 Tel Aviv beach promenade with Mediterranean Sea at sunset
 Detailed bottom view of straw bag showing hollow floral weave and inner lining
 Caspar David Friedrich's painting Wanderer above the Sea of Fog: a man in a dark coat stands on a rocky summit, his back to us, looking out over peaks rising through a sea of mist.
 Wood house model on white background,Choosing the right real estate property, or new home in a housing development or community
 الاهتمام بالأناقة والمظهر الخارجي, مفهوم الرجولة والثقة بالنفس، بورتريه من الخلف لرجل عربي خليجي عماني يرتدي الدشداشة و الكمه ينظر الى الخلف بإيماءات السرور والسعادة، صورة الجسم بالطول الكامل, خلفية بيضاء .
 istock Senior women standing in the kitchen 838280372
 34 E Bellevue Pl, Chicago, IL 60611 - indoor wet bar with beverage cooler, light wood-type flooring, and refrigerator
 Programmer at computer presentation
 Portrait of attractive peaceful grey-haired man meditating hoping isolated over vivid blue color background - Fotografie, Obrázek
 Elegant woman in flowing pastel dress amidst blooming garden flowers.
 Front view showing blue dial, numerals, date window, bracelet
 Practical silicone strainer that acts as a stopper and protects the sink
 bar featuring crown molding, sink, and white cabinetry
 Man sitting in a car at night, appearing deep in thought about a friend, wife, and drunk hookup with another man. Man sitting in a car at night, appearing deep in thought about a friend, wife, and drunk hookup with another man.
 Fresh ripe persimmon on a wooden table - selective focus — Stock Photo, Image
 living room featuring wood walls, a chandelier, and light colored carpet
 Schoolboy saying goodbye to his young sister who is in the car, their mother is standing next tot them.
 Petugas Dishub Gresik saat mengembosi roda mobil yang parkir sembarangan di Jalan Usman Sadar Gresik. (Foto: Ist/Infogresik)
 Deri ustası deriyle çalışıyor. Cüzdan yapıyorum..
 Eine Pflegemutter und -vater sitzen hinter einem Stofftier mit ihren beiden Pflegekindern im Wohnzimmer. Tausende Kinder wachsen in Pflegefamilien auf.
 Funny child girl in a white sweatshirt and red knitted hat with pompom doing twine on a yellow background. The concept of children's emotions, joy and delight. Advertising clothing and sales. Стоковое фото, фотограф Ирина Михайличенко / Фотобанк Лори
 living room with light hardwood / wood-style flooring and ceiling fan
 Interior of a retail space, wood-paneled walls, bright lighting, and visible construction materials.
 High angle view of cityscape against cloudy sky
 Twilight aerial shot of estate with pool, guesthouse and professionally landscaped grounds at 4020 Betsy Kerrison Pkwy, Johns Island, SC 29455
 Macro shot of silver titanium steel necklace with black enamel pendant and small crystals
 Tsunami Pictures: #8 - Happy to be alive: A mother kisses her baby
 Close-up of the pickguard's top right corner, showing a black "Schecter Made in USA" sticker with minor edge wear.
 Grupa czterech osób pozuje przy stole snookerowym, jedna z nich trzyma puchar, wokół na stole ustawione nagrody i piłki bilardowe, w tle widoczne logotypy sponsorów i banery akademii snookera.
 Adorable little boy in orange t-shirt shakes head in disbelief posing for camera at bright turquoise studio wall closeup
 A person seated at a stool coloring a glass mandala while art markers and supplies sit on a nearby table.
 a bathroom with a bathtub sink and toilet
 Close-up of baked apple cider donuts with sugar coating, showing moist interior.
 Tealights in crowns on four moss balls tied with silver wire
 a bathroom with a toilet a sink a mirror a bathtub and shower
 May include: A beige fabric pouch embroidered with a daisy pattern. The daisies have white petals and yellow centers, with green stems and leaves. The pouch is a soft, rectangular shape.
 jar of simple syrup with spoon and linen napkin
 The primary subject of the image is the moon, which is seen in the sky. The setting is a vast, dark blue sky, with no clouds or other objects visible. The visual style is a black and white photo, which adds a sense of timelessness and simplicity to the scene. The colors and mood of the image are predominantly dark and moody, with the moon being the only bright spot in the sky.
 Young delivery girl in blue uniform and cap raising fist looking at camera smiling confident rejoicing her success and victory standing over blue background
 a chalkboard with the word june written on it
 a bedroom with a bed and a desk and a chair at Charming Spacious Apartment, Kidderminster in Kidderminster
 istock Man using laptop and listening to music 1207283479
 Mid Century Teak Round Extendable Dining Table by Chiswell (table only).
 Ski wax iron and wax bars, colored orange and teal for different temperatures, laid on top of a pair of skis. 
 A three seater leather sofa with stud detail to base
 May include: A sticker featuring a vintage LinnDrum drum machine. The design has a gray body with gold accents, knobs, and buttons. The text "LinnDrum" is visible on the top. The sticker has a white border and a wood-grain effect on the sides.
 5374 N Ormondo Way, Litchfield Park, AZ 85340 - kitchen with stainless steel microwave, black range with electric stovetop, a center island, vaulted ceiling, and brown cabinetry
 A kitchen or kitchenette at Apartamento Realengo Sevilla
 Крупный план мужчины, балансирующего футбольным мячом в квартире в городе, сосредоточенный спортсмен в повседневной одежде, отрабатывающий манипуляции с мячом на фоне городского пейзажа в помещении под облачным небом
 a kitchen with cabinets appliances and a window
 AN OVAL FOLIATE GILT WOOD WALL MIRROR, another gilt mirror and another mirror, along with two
= = =
EXERCISE DESCRIPTION. Reproduce the records above exactly, from the first line through the line containing "Wood house model", and output nothing else.

WRITTEN SOLUTION.
 Tel Aviv beach promenade with Mediterranean Sea at sunset
 Detailed bottom view of straw bag showing hollow floral weave and inner lining
 Caspar David Friedrich's painting Wanderer above the Sea of Fog: a man in a dark coat stands on a rocky summit, his back to us, looking out over peaks rising through a sea of mist.
 Wood house model on white background,Choosing the right real estate property, or new home in a housing development or community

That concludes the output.